The ACID transaction model ensures that all performed transactions will result in reliable and consistent databases. This suits best for businesses which use OLTP (Online Transaction Processing) for IT-Systems such like ERP- or CRM-Systems. Furthermore, it can also be a good choice for OLAP (Online Analytical Processing) which is used in Data Warehouses. These applications need backend database systems which can handle many small- or medium-sized transactions occurring simultaneous by many users. An interrupted transaction with write-access must be removed from the database immediately as it could cause negative side effects impacting the consistency(e.g., vendors could be deleted although they still have open purchase orders or financial payments could be debited from one account and due to technical failure, never credited to another).
The speed of the querying should be as fast as possible, but even more important for those applications is zero tolerance for invalid states which is prevented by using ACID-conform databases.
ACID databases have their advantages but also one big tradeoff: If all transactions need to be committed and checked for consistency correctly, the databases are slow in reading and writing data. Furthermore, they demand more effort if it comes to storing new data in new formats.
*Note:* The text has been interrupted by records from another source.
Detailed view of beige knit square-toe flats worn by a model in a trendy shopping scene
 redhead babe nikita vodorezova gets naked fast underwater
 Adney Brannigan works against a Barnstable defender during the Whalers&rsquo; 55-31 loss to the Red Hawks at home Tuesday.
In chemistry, a base is the opposite to acid. The database concepts of BASE and ACID have a similar relationship. The BASE concept provides several benefits over ACID compliant databases asthey focus more intensely on data availability of database systems without guarantee of safety from network failures or inconsistency.
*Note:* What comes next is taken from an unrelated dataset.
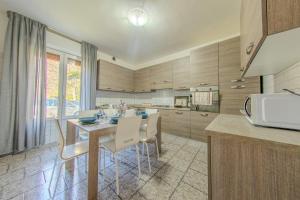 a kitchen with a table and chairs in a kitchen at Villa Maddalena in Scala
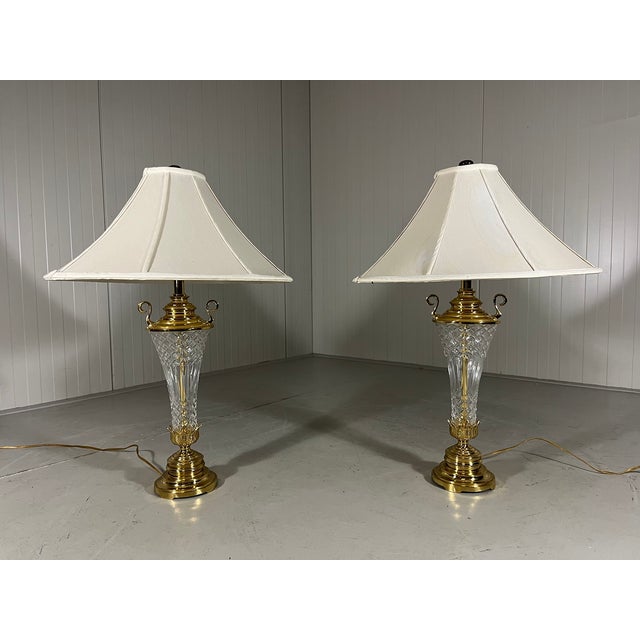 A set of 2 large impressive table lamps. Stand made of brass and etched crystal, original white fabric shades. 1960’s. In...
The acronym BASE is even more confusing than ACID as BASE relates to ACID indirectly. The words behind BASE suggest alternatives to ACID.
BASE stands for:
- Basically Available – Rather than enforcing consistency in any case, BASE databases will guarantee availability of data by spreading and replicating it across the nodes of the database cluster. Basic read and write functionality is provided without liabilityfor consistency. In rare cases it could happen that an insert- or update-statement does not result in persistently stored data. Read queries might not provide the latest data.
- Soft State – Databases following this concept do not check rules to stay write-consistent or mutually consistent. The user can toss all data into the database, delegating the responsibility of avoiding inconsistency or redundancy to developers or users.
- Eventually Consistent –No guarantee of enforced immediate consistency does not mean that the database never achieves it. The database can become consistent over time. After a waiting period, updates will ripple through all cluster nodes of the database. However, reading data out of it will stay always be possible, it is just not certain if we always get the last refreshed data.
All the three above mentioned properties of BASE-conforming databases sound like disadvantages. So why would you choose BASE? There is a tradeoff compared to ACID. If databases do not have to follow ACID properties then the database can work much faster in terms of writing and reading from the database. Further, the developers have more freedom to implement data storage solutions or simplify data entry into the database without thinking about formats and structure beforehand.
While ACID databases are mostly RDBMS, most other database types, known as NoSQL databases, tend more to conform to BASE principles. Redis, CouchDB, MongoDB, Cosmos DB, Cassandra, ElasticSearch, Neo4J, OrientDB or ArangoDB are just some popular examples. But other than ACID, BASE is not a strict approach. Some NoSQL databases apply at least partly to ACID rules or provide optional functions to get almost or even full ACID compatibility. These databases provide different level of freedom which can be useful for the Staging Layer in Data Warehouses or as a Data Lake, but they are not the recommended choice for applications which need data environments guaranteeing strict consistency.